[Record set]
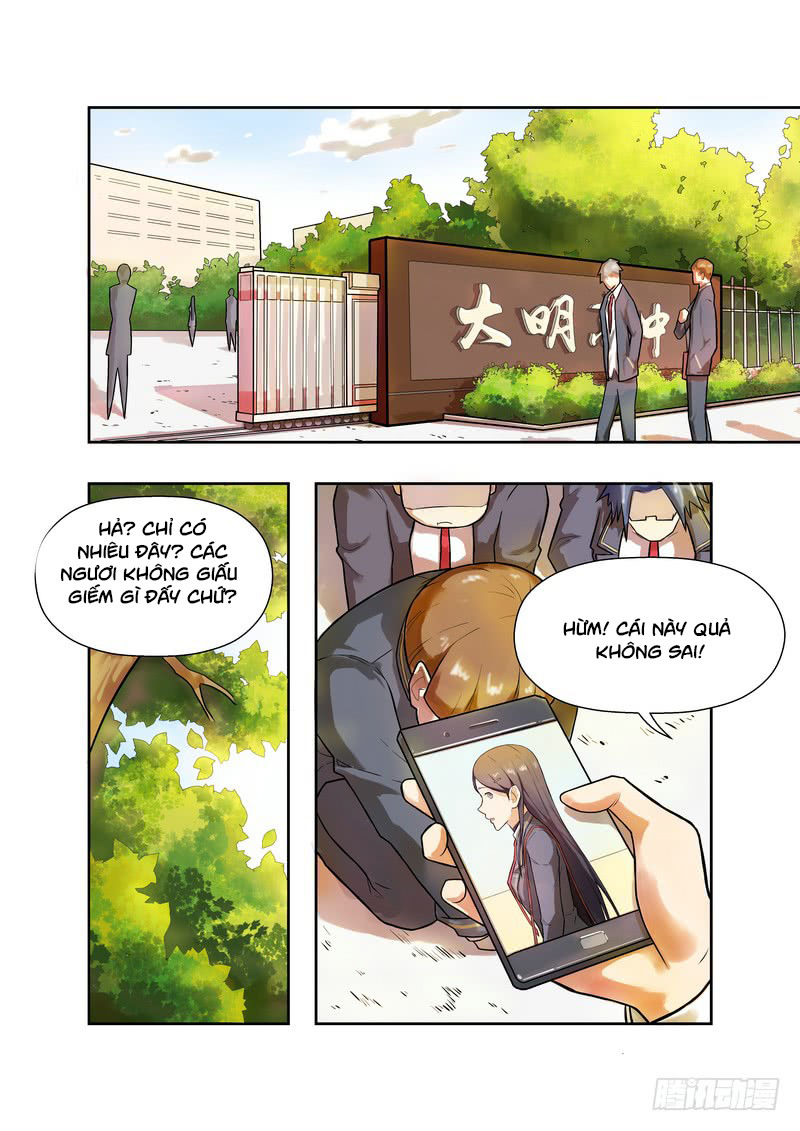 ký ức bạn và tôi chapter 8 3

---

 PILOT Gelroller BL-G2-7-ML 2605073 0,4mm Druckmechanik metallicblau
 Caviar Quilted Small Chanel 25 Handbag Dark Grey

[Exercise description] Among the entries above, find the line with "PILOT Gelroller BL-G2-7-ML" and the line with "Caviar Quilted Small"; give again exactly these two lines and all lines between them.

[Answer to this problem]
 PILOT Gelroller BL-G2-7-ML 2605073 0,4mm Druckmechanik metallicblau
 Caviar Quilted Small Chanel 25 Handbag Dark Grey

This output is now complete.